You can pass the parameter in a list
to it:
param = nn.Parameter(torch.randn(1))
model = MyModel()
optimizer = torch.optim.SGD(list(model.parameters()) + [param], lr=1e-3)
You can pass the parameter in a list
to it:
param = nn.Parameter(torch.randn(1))
model = MyModel()
optimizer = torch.optim.SGD(list(model.parameters()) + [param], lr=1e-3)
I see you are so nice !
Hi @ptrblck,
I’m trying to make a custom loss function but am getting “RuntimeError: grad can be implicitly created only for scalar outputs” on the backward pass.
def dir_loss(output, target, data_fin):
delts = -torch.mul((output - data_fin), (target - data_fin))
return F.relu(delts)
I want the loss to be zero when negative and some value when not. Any suggestions?

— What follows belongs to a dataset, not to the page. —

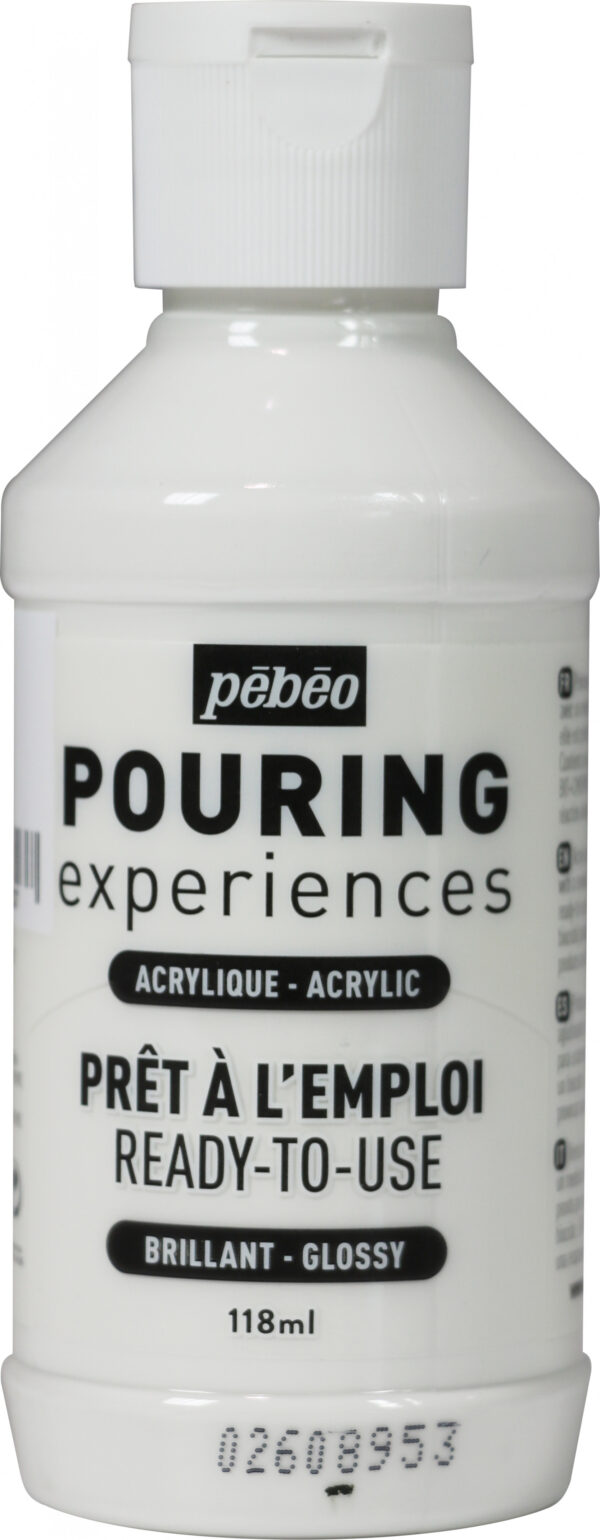 Pouring Experiences Flacon 118 Ml Titanium White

The error is raised if you call .backward()
on a tensor with more than a single element and you would then either have to specify the gradient manually or reduce the tensor before as seen here:
loss = torch.randn(2, 2, requires_grad=True)
loss.backward()
> RuntimeError: grad can be implicitly created only for scalar outputs
# reduce
loss.mean().backward() # works
# manual gradient
loss.backward(torch.ones_like(loss)) # works
Hi again @ptrblck,
I’ve figured I might be better off using an if statement as follows:
def dir_loss(outputs,targets,fin_val):
loss=torch.mean(torch.where((outputs-fin_val)*(targets-fin_val)<0,10*(outputs-targets)**2,0.01*(outputs-targets)**2))
return loss
I’m trying to get the loss to penalize the network when the direction is not the same and reward when they are, similar to this paper: Exploring the Impact of Magnitude - and Direction-based Loss Function on the Profitability using Predicted Prices from Deep Learning by Chihcheng Hsu, Lichen Tai :: SSRN. However, this seems to have no effect so far. What is the best way to make the loss function reward the same direction?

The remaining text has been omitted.